DESCRIPTION OF THE TASK — The output should be every line below, retyped exactly, with no images.
### GIVEN INFORMATION
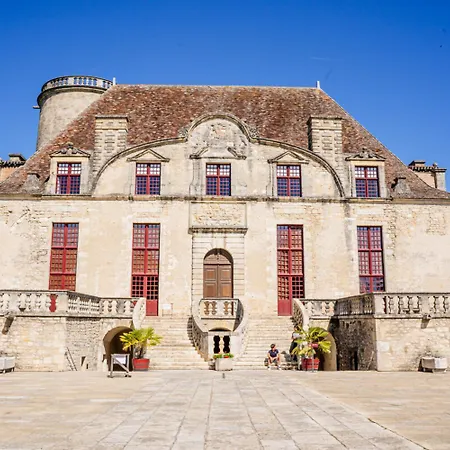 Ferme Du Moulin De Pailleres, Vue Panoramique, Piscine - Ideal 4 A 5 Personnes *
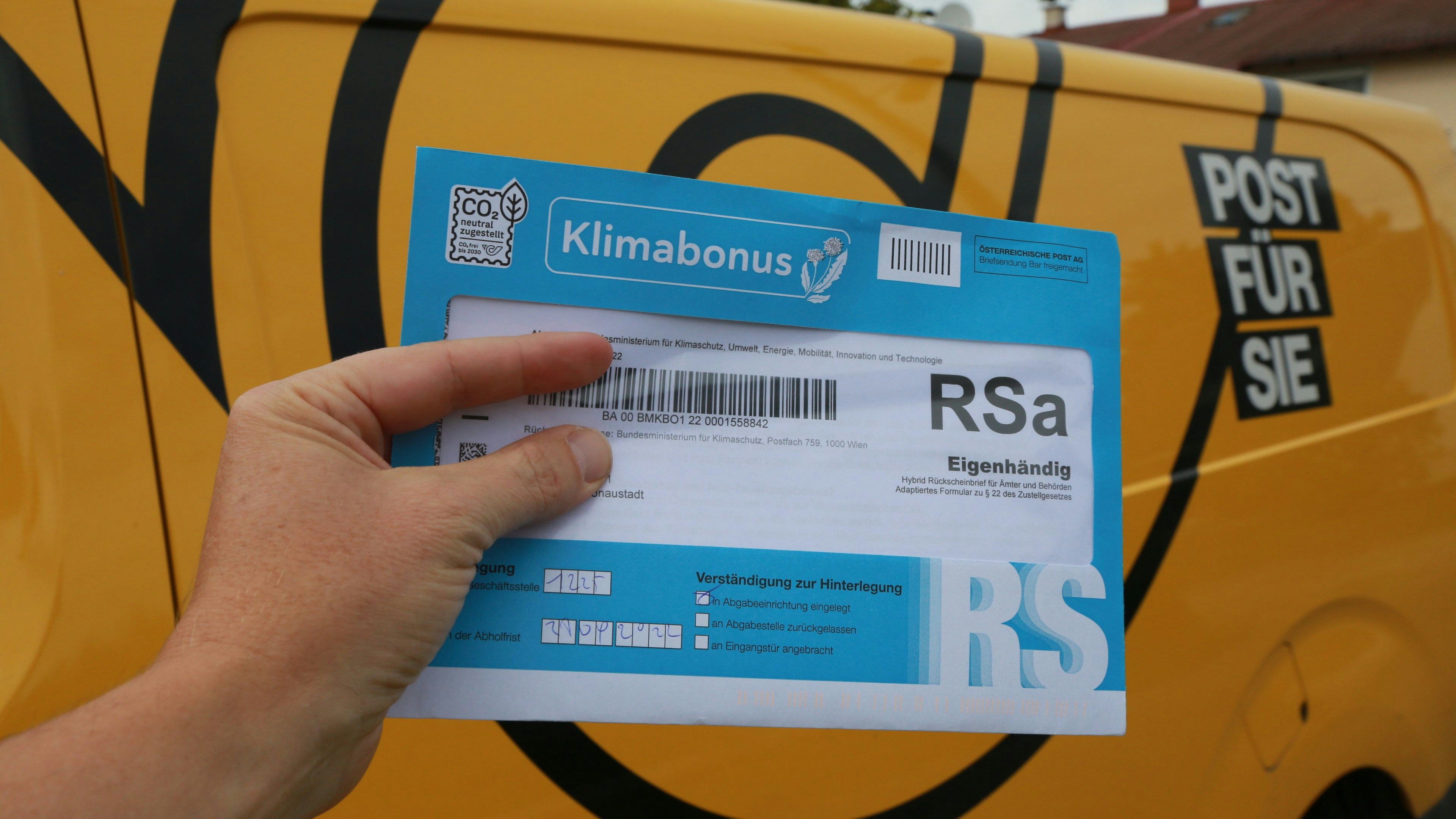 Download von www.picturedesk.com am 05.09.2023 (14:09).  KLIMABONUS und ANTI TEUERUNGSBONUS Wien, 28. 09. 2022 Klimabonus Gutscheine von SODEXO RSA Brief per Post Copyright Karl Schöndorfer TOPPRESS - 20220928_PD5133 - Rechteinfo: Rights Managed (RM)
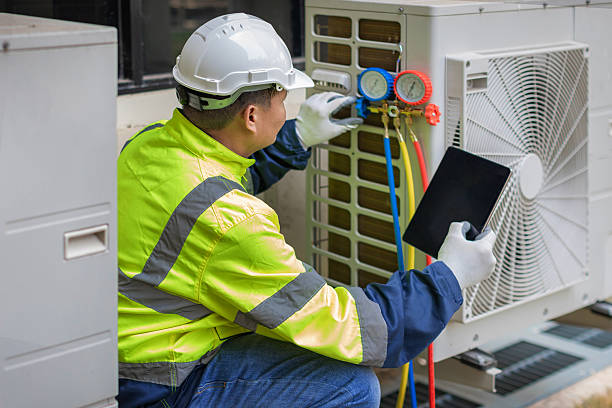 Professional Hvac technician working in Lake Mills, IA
######
SOLVED PROBLEM —
 Ferme Du Moulin De Pailleres, Vue Panoramique, Piscine - Ideal 4 A 5 Personnes *
 Download von www.picturedesk.com am 05.09.2023 (14:09).  KLIMABONUS und ANTI TEUERUNGSBONUS Wien, 28. 09. 2022 Klimabonus Gutscheine von SODEXO RSA Brief per Post Copyright Karl Schöndorfer TOPPRESS - 20220928_PD5133 - Rechteinfo: Rights Managed (RM)
 Professional Hvac technician working in Lake Mills, IA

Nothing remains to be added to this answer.